Ambassador Yousef Al Otaiba of the United Arab Emirates along with his wife, Abeer, recently expressed congratulations to the Special Olympics organization. It celebrated its 50th birthday on July 10, 2018. For five decades, Special Olympians have engaged in competitive sports events. The organization provides opportunities for developmentally disabled athletes to receive public recognition and acclaim.

Ambassador Yousef Al Otaiba observed the organization reached a historic marker on July 10th. He praised the Special Olympics for promoting a more inclusive and tolerant environment in the field of sports. He also expressed pride in the UAE’s role in hosting the next annual Special Olympic World Games. The international gathering will occur in Abu Dhabi during 2019.

Hosting The 2019 Special Olympics World Games
The UAE holds the honor of becoming the very first nation in the region to provide a venue for world level Special Olympics competitions. Some 170 different nations will send representatives to compete in 24 separate athletic events during the 2019 Special Olympic World Games. Organizers anticipate the participation of approximately 7,000 young athletes.

Dana Al Marashi of the UAE Embassy’s Heritage and Social Affairs section noted that the United Arab Emirates currently serves as a residence for people drawn from over 200 nations. She explained the UAE shares the value of cultural diversity with the United States.

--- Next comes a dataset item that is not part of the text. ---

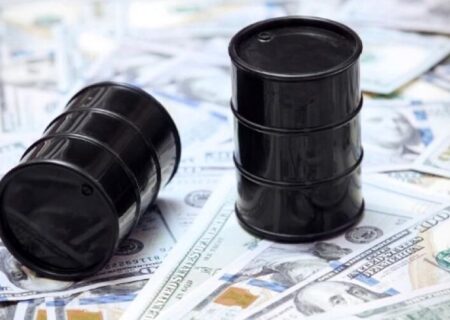 قیمت هر بشکه نفت امروز ۶ آذر ۱۴۰۲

The 2019 Special Olympics World Games will provide a forum for athletes from many different places around the world to meet and form ties of friendship and mutual respect.

A Smithsonian Exhibit
Between July 10, 2018, and June 2019, the National Museum of American History at the Smithsonian in Washington, D.C. will display an exhibit celebrating the past five decades of the history of the Special Olympics. Entitled “Special Olympics at 50” it endeavors to educate the public about stigma encountered by developmentally disabled people during 1960. It traces the histories of four talented athletes who have competed in Special Olympics events in the past.

Eunice Kennedy Shriver helped found the Special Olympics organization in 1960 as a way of promoting greater inclusion in society for people with intellectual disabilities. Today her son, Dr. Tim Shriver, serves as Chairman of the Special Olympics. He joined several other speakers in opening the new Smithsonian exhibit at the Museum of American History on Washington D.C. recently.